(Extracted data entries)
Start of Block

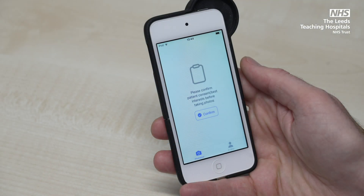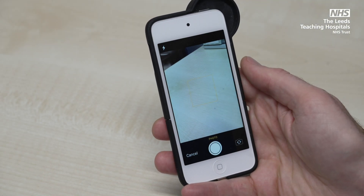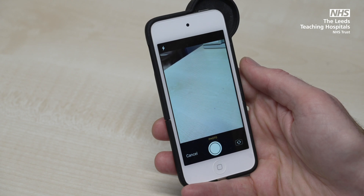Press to confirm you have gained consent for photography. Then the app will go into capture mode.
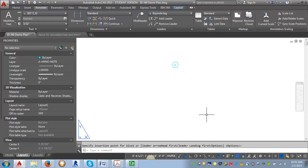So that's how I would recommend going about creating the keynotes, both the tags and the tags with the leaders.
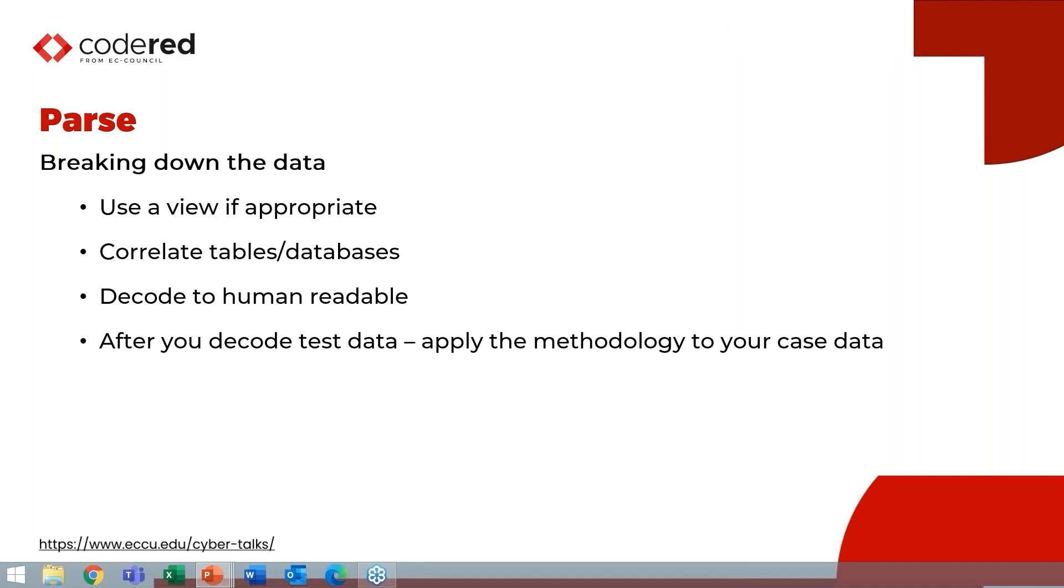Your goal is to decode this to human readable. You want to take all that encoded data, like time date stamps, and convert it so people can understand it. And then finally, once you've decoded the data from your test scenario, you want to then apply the same methodology to your evidence, whatever it is how you parsed it to the evidence, right? Because we've created this test data based on the situation in our evidence.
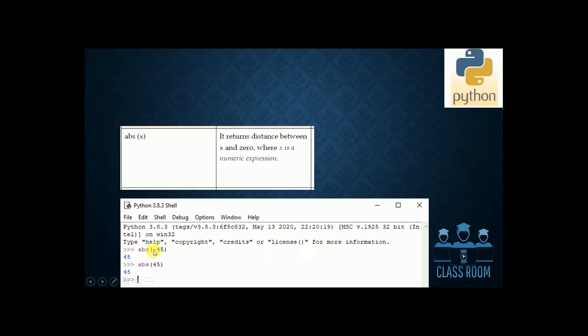Absolute value of minus 45 is 45. Absolute value of 45 is 45. Ok, that's the second function.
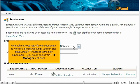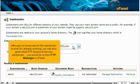Although not necessary for the subdomain to work, it's already working. You can also grant virtual FTP access to the new subdomain. You would do so from FTP Manager in cPanel.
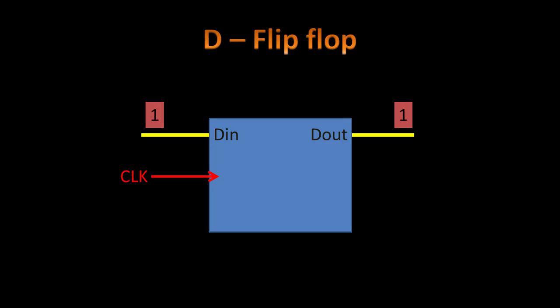Now suppose we give the input as 0. If the clock is not activated, we get the same output as previously we got. When we activate the clock, the output changes to 0. So input is 0, output is 0, input is 1, output is 1 for a D flip-flop.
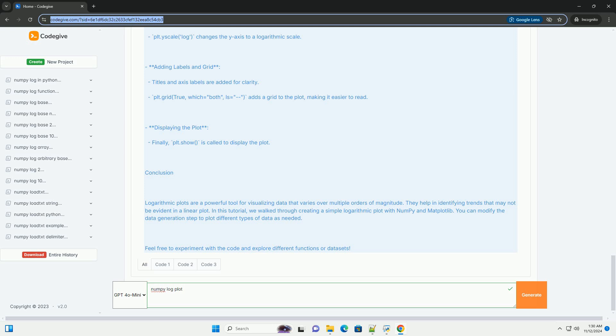generate the data you want to plot. 3. Create a logarithmic plot - use Matplotlib's plotting functions to create the plot with logarithmic scaling. Example code:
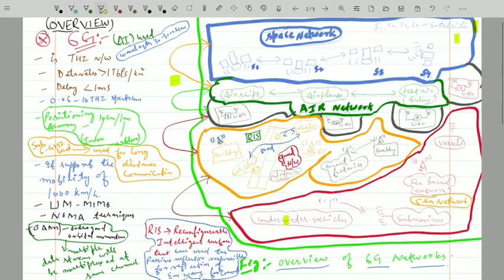Welcome. In this session today we are going to discuss the 6G, 6th generation mobile network communication. In today's lecture we will discuss some overview of the 6th generation mobile network and its features. We will also discuss four or five different networks: the space network, air network, moving network, ground network, and finally the underwater sea network.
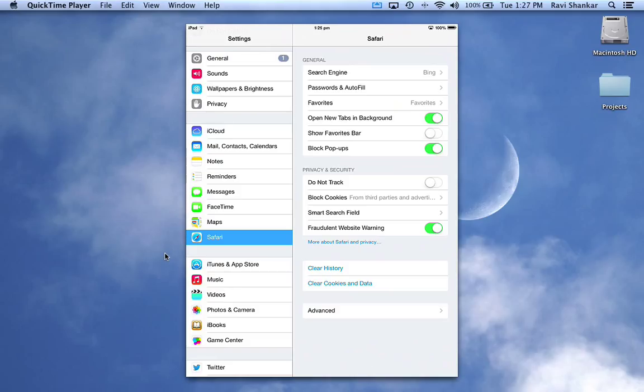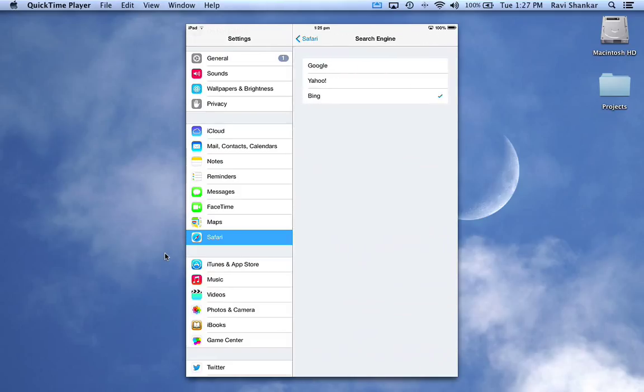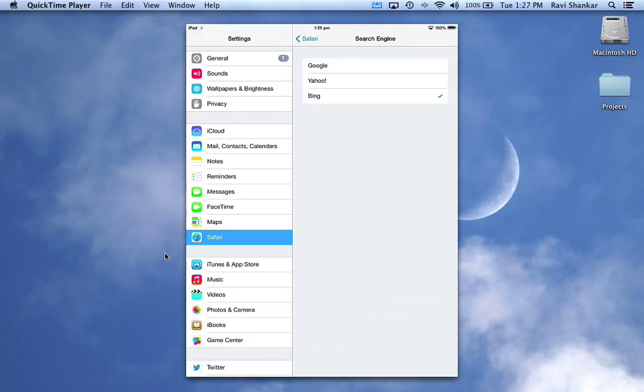On the right hand side, the first option is the search engine. Say you want to change from the default search engine from Bing to Google or Yahoo or any other search engines. Then you can choose your preferred one.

End of Block

▸ **WORK INSTRUCTION**:
Word for word, restate the lines from the one containing "Your goal is" through the end of the entries. Do not include pictures.

▸ **WRITTEN REPLY**:
Your goal is to decode this to human readable. You want to take all that encoded data, like time date stamps, and convert it so people can understand it. And then finally, once you've decoded the data from your test scenario, you want to then apply the same methodology to your evidence, whatever it is how you parsed it to the evidence, right? Because we've created this test data based on the situation in our evidence.
Absolute value of minus 45 is 45. Absolute value of 45 is 45. Ok, that's the second function.
Although not necessary for the subdomain to work, it's already working. You can also grant virtual FTP access to the new subdomain. You would do so from FTP Manager in cPanel.
Now suppose we give the input as 0. If the clock is not activated, we get the same output as previously we got. When we activate the clock, the output changes to 0. So input is 0, output is 0, input is 1, output is 1 for a D flip-flop.
generate the data you want to plot. 3. Create a logarithmic plot - use Matplotlib's plotting functions to create the plot with logarithmic scaling. Example code:
Welcome. In this session today we are going to discuss the 6G, 6th generation mobile network communication. In today's lecture we will discuss some overview of the 6th generation mobile network and its features. We will also discuss four or five different networks: the space network, air network, moving network, ground network, and finally the underwater sea network.
On the right hand side, the first option is the search engine. Say you want to change from the default search engine from Bing to Google or Yahoo or any other search engines. Then you can choose your preferred one.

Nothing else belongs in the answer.